[Start of section]

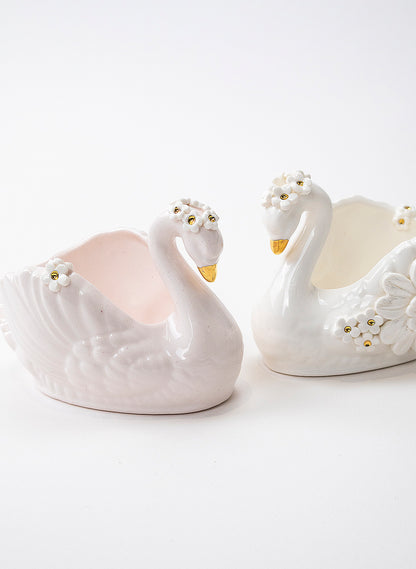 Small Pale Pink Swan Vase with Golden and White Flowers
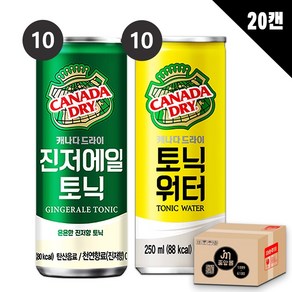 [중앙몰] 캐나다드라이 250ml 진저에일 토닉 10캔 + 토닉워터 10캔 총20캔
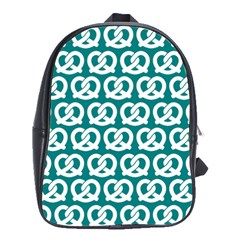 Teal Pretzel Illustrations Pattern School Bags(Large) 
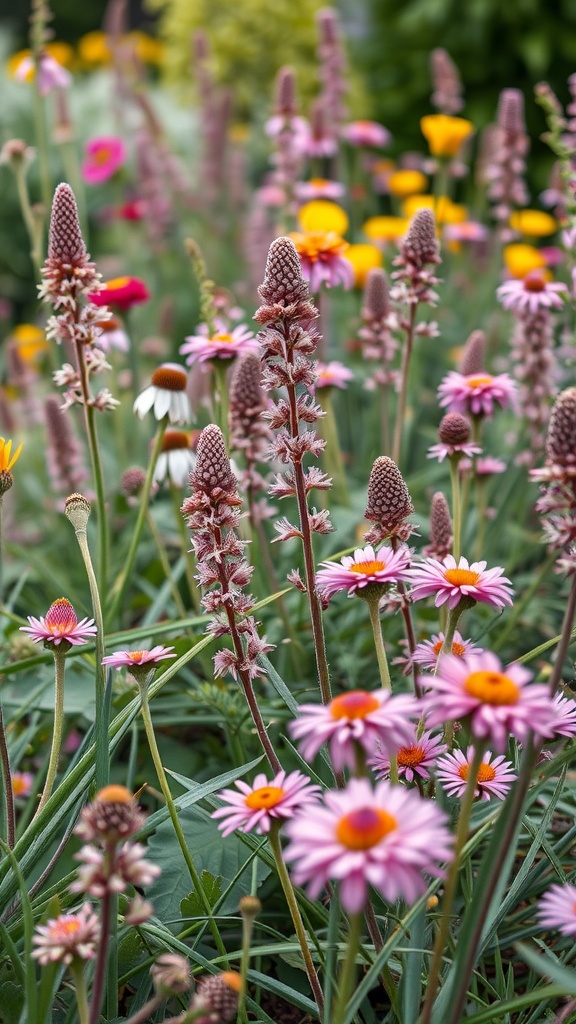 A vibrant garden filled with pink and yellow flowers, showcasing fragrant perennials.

[End of section]

Problem description> What you need to copy is the run of lines from the one holding "Teal Pretzel Illustrations" through the end of the data, exactly and only, both ends included, pictures omitted.

Written solution>
 Teal Pretzel Illustrations Pattern School Bags(Large) 
 A vibrant garden filled with pink and yellow flowers, showcasing fragrant perennials.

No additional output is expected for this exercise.